Não por acaso, a vergonha foi tratada por muitos autores ao longo da história da filosofia, desde Aristóteles na Retórica, Descartes nas Paixões da alma, Pascal nos Pensamentos, Rousseau no Emílio, Kant nos textos sobre pedagogia, Sartre em O ser e o nada. Até Darwin notou que a vergonha era o mais fundamental dos sentimentos enquanto Piaget reconheceu sua íntima relação com o respeito.

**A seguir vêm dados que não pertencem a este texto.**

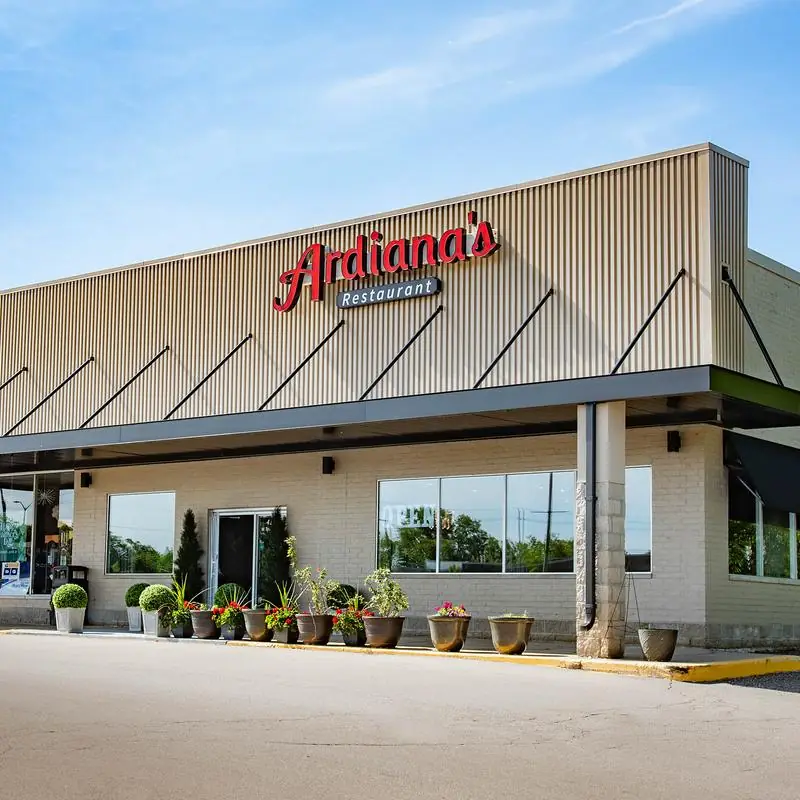 Ardiana's Restaurant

Hoje em dia vivemos uma crise da vergonha e do pudor. Um dos motivos, entre outros vários, pode ser a hiperexposição frequente nas redes sociais: hoje, praticamente tudo é mostrado e visualizado; vivemos a sociedade da transparência total, em que as câmeras de nossos dispositivos projetam publicamente o álbum da intimidade de nossos corpos e lares. Do ponto de vista individual, já não temos mais motivos para manter nenhum pudor diante do olhar do outro. O resultado é que já não sabemos até onde podemos ir quando se trata de dar vazão a nossas emoções mais fortes. Não raras vezes, por isso, a exposição nos leva à agressão e ao desrespeito: xingamentos, palavrões e outros ódios vigoram entre os que vivem sem vergonha.

Foi isso que vimos em tela pública no vídeo da reunião ministerial de 22.04.20: a nudez inescrupulosa, a prevaricação e o ultraje, que em vários momentos resvala para a ilegalidade, mostra que o nosso é um governo sem vergonha. Quem aceita se tornar uma pessoa pública, não pode de maneira alguma, fechar os olhos para o juízo alheio e sobre o que se diz sobre si. Até Jesus se preocupou com isso: "quem dizem os homens que eu sou?". Todo homem público sabe que as sanções externas são importantes porque sua função é preservar o bem comum. Isso obriga toda autoridade a reconhecer a importância da opinião pública.

A total falta de vergonha nas palavras e nas atitudes por parte do presidente e dos ministros em Brasília, reflete o descaso com a opinião pública, o descompromisso com a orientação moral da sociedade, inclusive com a legalidade. Todas aquelas palavras e gestos, não chocam apenas porque são feios em si mesmos, mas porque remetem ao descaso com o patrimônio moral da nação, os rigores do cargo e, sobretudo, os anseios e as opiniões da sociedade (ou parte significativa dela).

Se, na perspectiva individual, a vergonha é um sentimento pobre, porque demonstra que o indivíduo não é capaz de orientar as suas condutas por si mesmo, ou seja, segundo a sua autonomia; em sentido político, ao contrário, a vergonha se torna imprescindível. Isso foi bem resumido por Spinoza, para quem “a vergonha é a tristeza que acompanha a ideia de alguma ação que imaginamos censurada pelos outros”. 

A vergonha traduz os nossos ideais de auto-respeito e dignidade e nos ajuda a ter melhores juízos sobre nós mesmos. Quem perde a vergonha dá sinal que não tem autoconsciência, que não desenvolve autocrítica, que não se olha no espelho e que, por isso, perde a dignidade e a reverência por si mesmo. A quem falta a vergonha, falta honra e respeito pelos outros e, antes disso, falta apreço por sua própria pessoa. Uma pessoa assim não deveria ter o destino de uma nação em suas mãos.








Comentários

  1. A atitude desavergonhada pode indicar uma provocação à crise e usá-lo como desculpa para a necessidade de declarar abertamente uma ditadura. Belo artigo.